Here is an interesting albeit hypothetical question: “If all volunteer work done by the Wikimedia community had been done instead by a commercial company, how much would that have cost? Of course there is no definitive answer to this, given the number of unknowns, but it is a nice challenge to reach a crude approximation. There is some relevance in this for the Wikimedia Foundation audit process.

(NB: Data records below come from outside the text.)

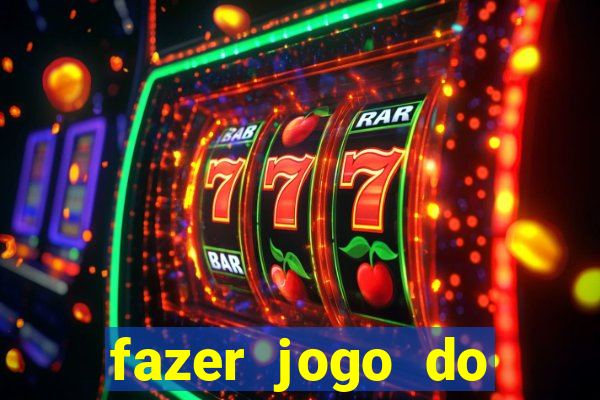 fazer jogo do bicho online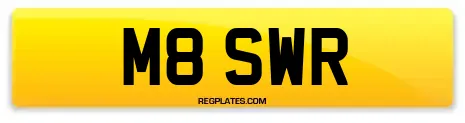 M8 SWR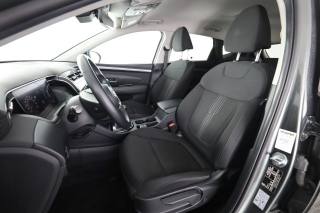 HYUNDAI Tucson usata 2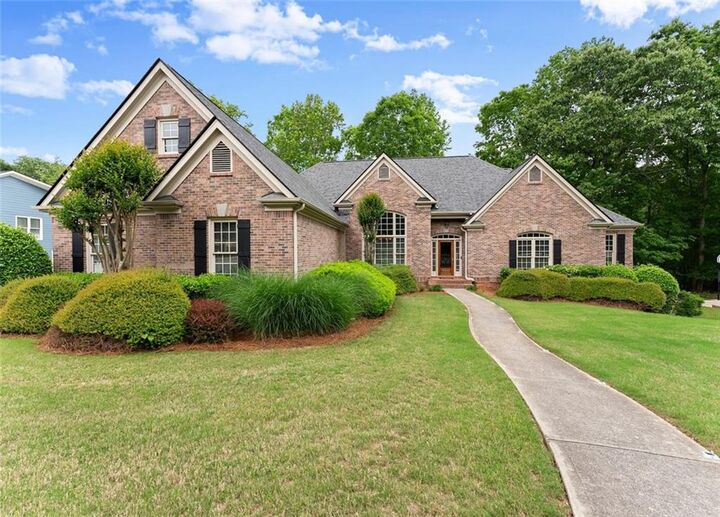6548 Gaines Ferry Road  Flowery Branch GA 30542 photo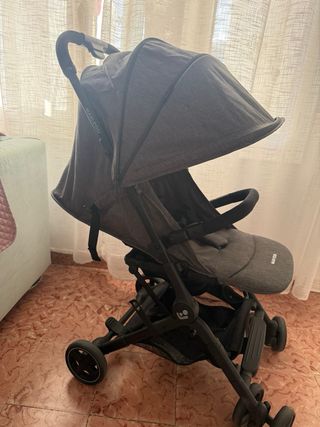 Carrito Maxi-Cosi Plegable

First let me state that this question is not only hypothetical, it is impossible. Let us assume for the sake of the argument that a crowd of contractors had indeed been given this enormous task, and had somehow after a year of toiling produced exactly the same wikis we have today. Still those products would each have been a facsimile at best, inferior to the ‘real thing’ in several critical aspects. It would have been void of any inspirational value, which is maybe our most crucial asset today, as I truly believe that our endeavor is a beacon of hope in a segregated and divided world. Neither would we have functioned as a role model for similar movements that now follow our example (to name one favourite of mine: openstreetmap.org is building an awesome free map of the whole world, in many cases footstep by footstep).

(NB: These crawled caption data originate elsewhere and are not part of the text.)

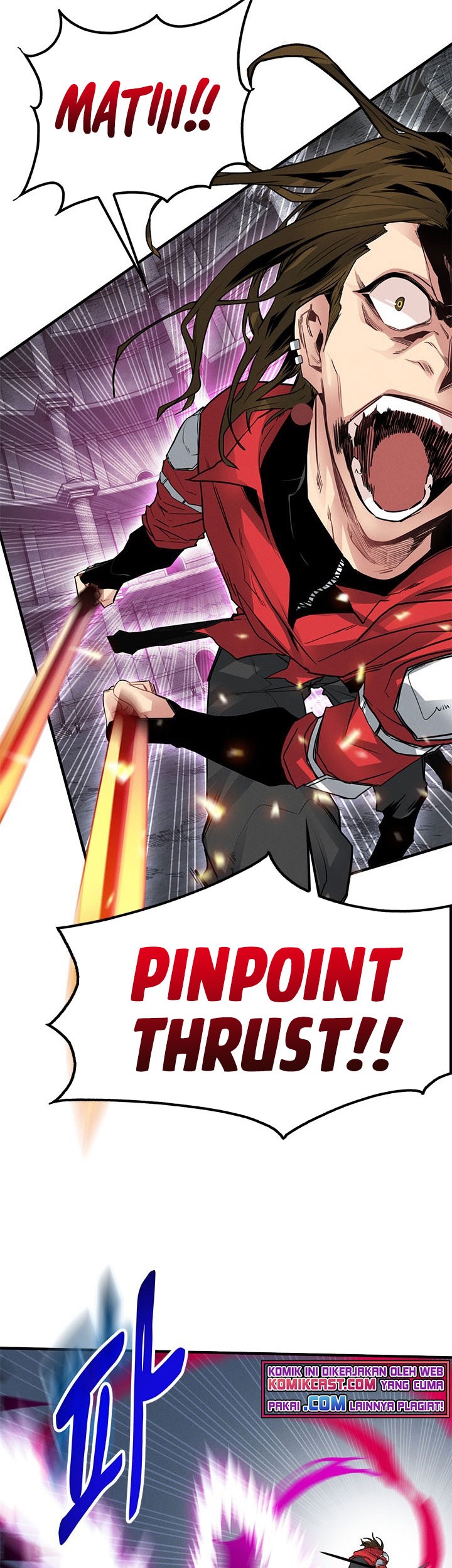 SSS-Class Gacha Hunter Chapter 8 Gambar 25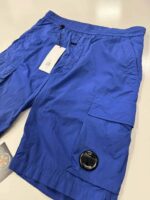 CP Company Beachwear boxer eco- chrome shorts - Image 3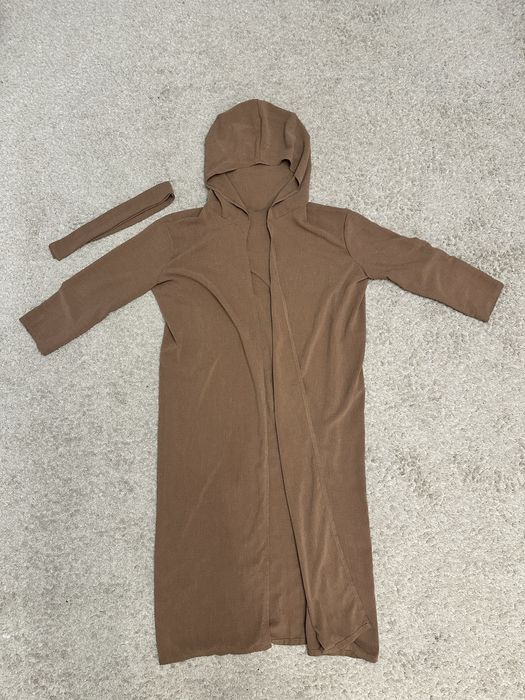 Плащ джедая детский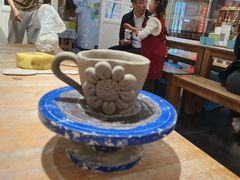 -艺彩阳光手工坊(大连恒隆广场店)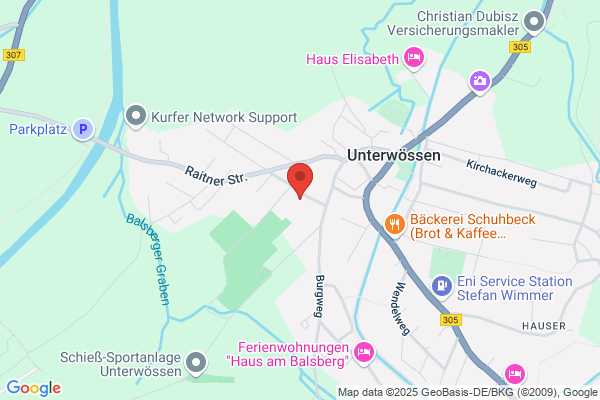 Grund- und Mittelschule Unterwössen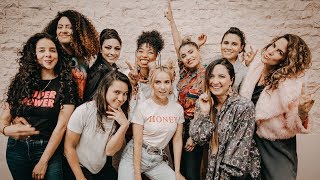 Quizás, Porque Music Video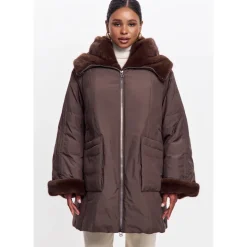 Parkas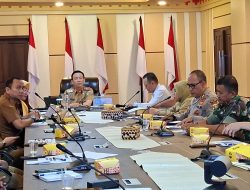 Pemprov dan KONI Finalkan Persiapan Porprov X 2026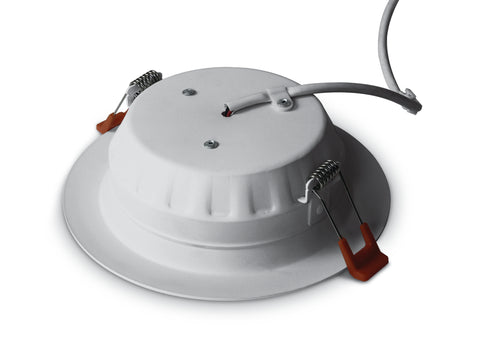 Mark LED, 15W, 230V, 1100lm, 4000K, 120°, IP20, alb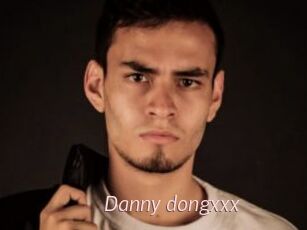 Danny_dongxxx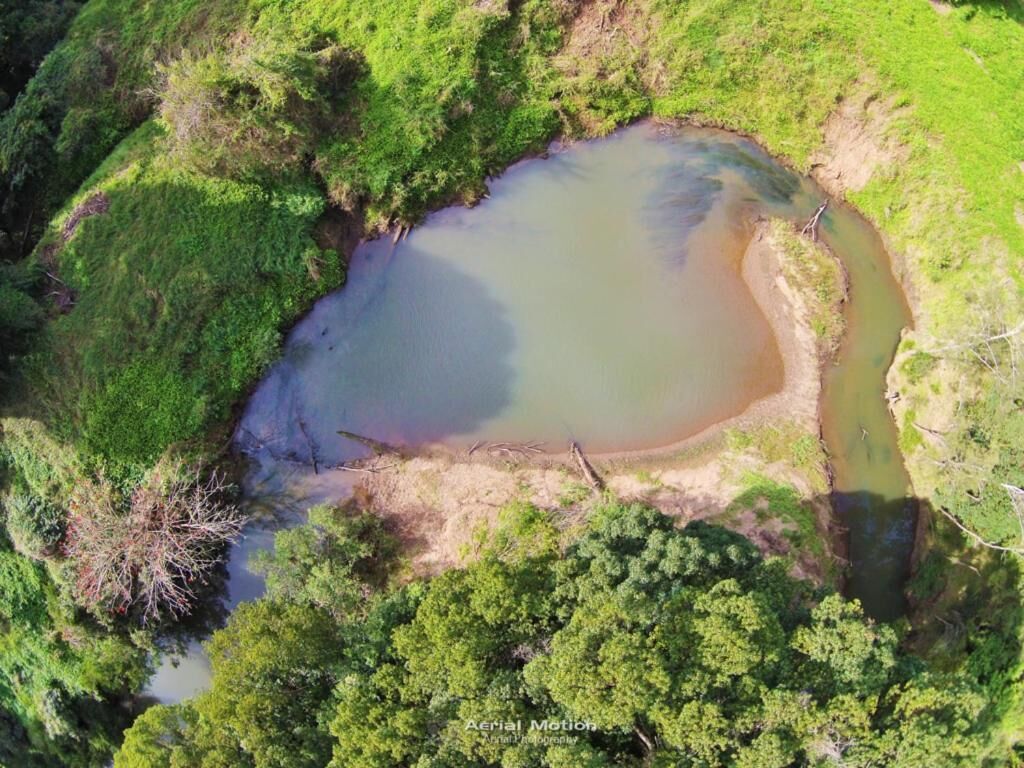 Nimbin Rocks Retreat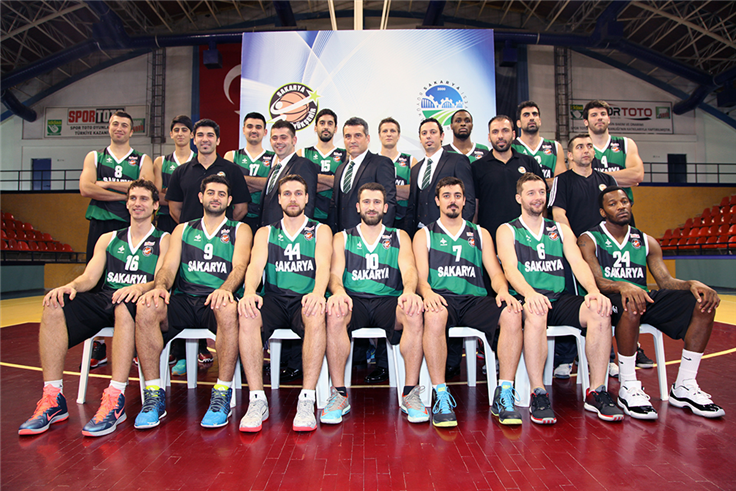 Dev Adamlarda Hedef Galibiyet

Back to out original question: “How much work was done by Wikimedia volunteers from July 2007 till June 2008, and how should that be valued monetarily?“. As we all know there are a myriad ways in which volunteers contribute. For most of these I have not even a clue yet how to quantify that (suggestions welcome, see below). But as a starter I want to present two approaches to estimate very conservatively how much time our community spent in the period under scrutiny on producing the texts that we have, and then tentatively value that in monetary terms. The latter of course depends entirely on which country hosts that fictive company. For now let’s assume the United States.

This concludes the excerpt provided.